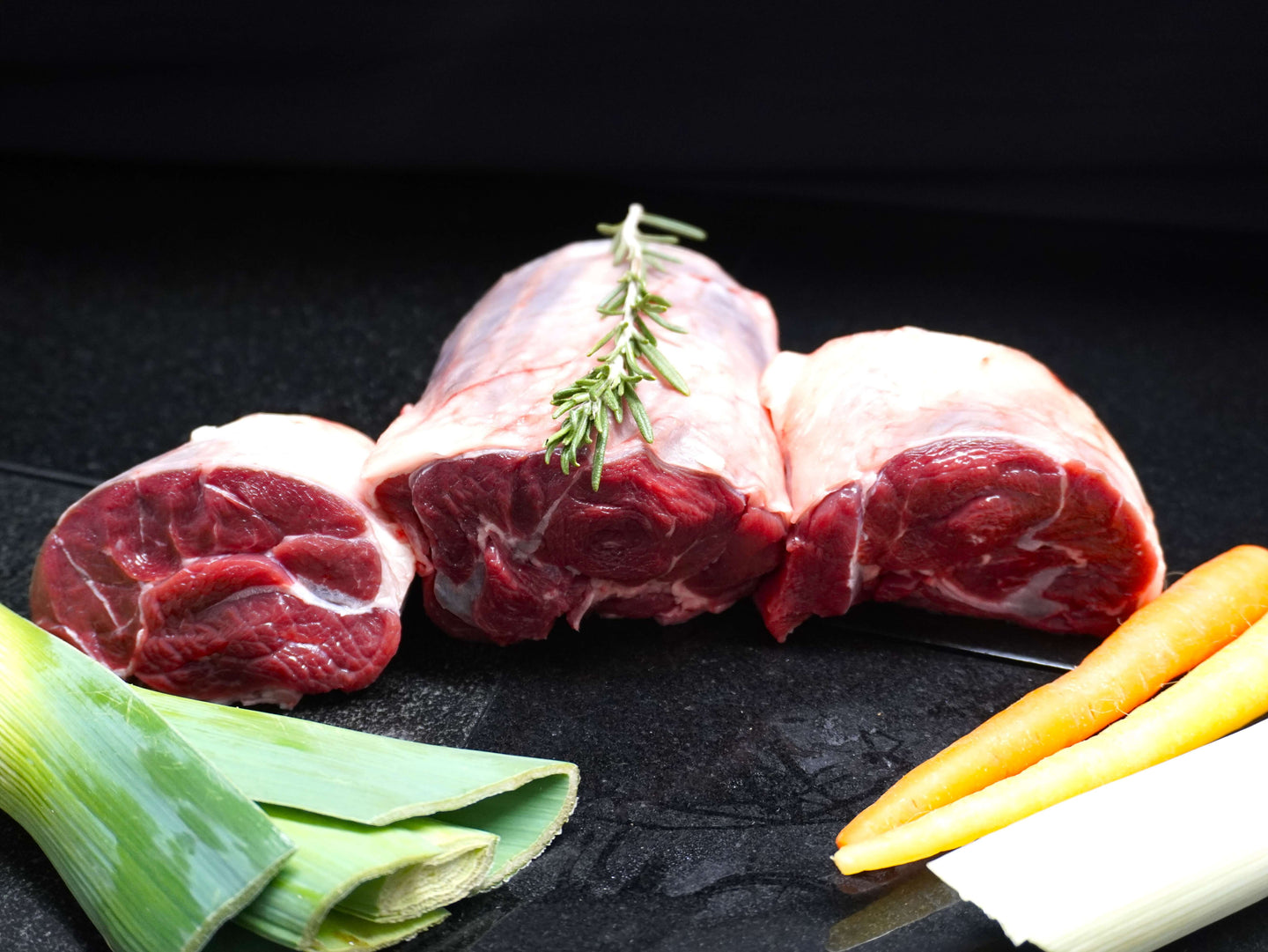 Whole Shin of Beef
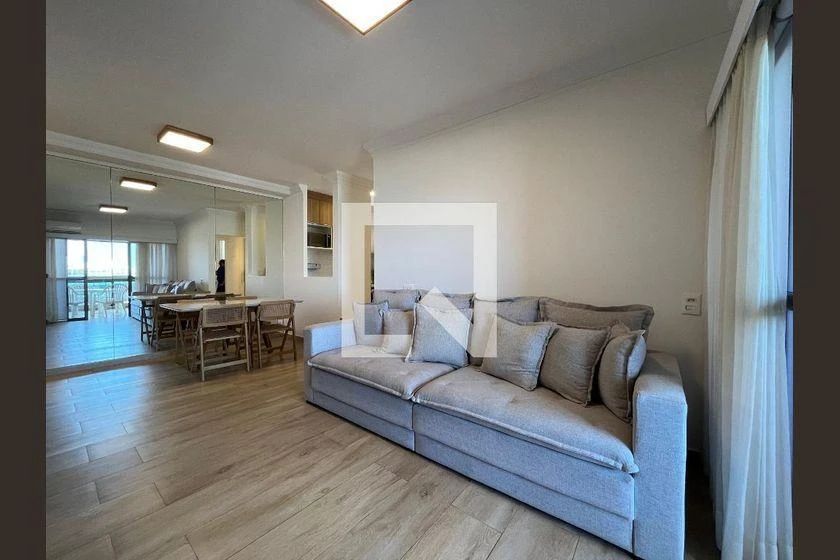 Apartamento mobiliado, 56 m², com varanda envidraçada — photo 9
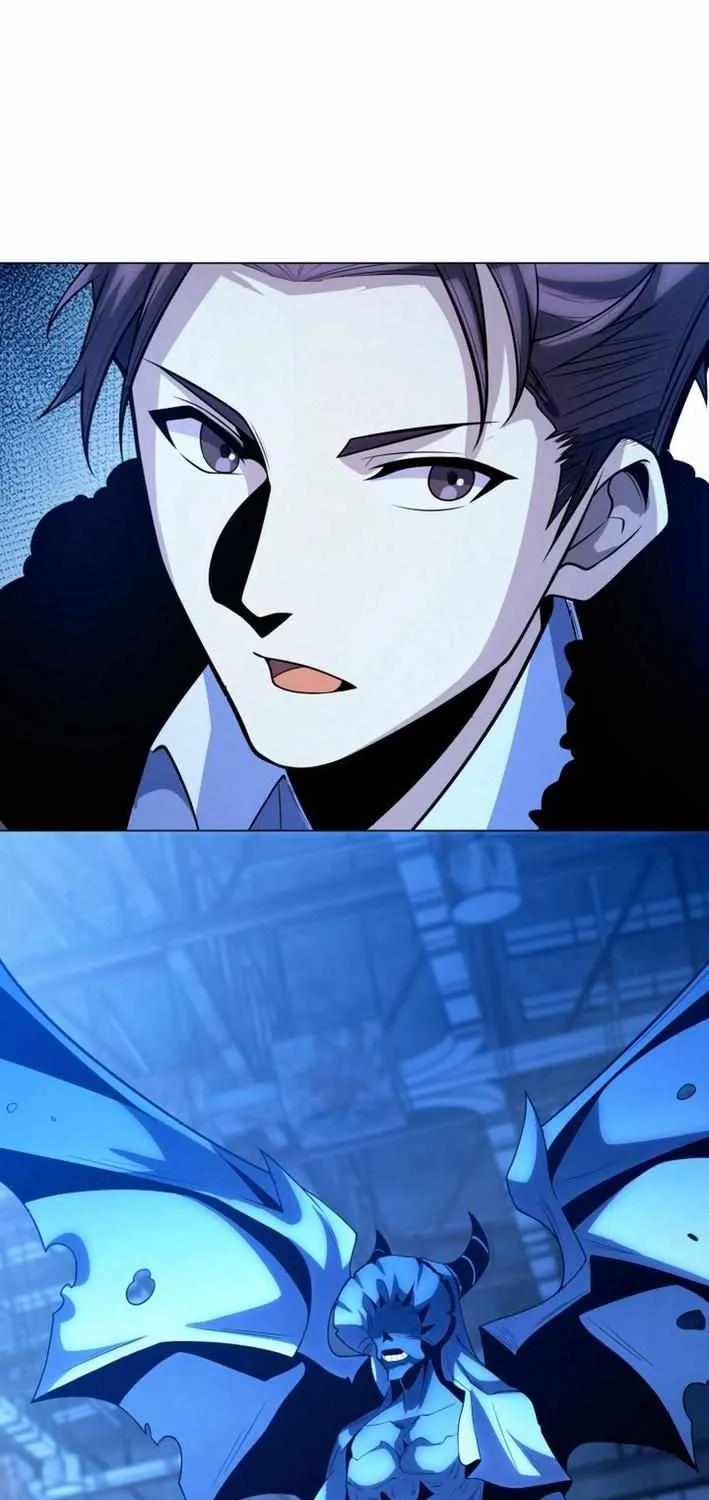 The Detective’s Demonic Chronicles Chapter 15 page 38 -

### Your instructions
Each line from the one that holds "Apartamento mobiliado, 56 m², com" through the end of the material should be repeated exactly, and nothing more. Leave out any picture.

### Exercise solution
 Apartamento mobiliado, 56 m², com varanda envidraçada — photo 9
 The Detective’s Demonic Chronicles Chapter 15 page 38 -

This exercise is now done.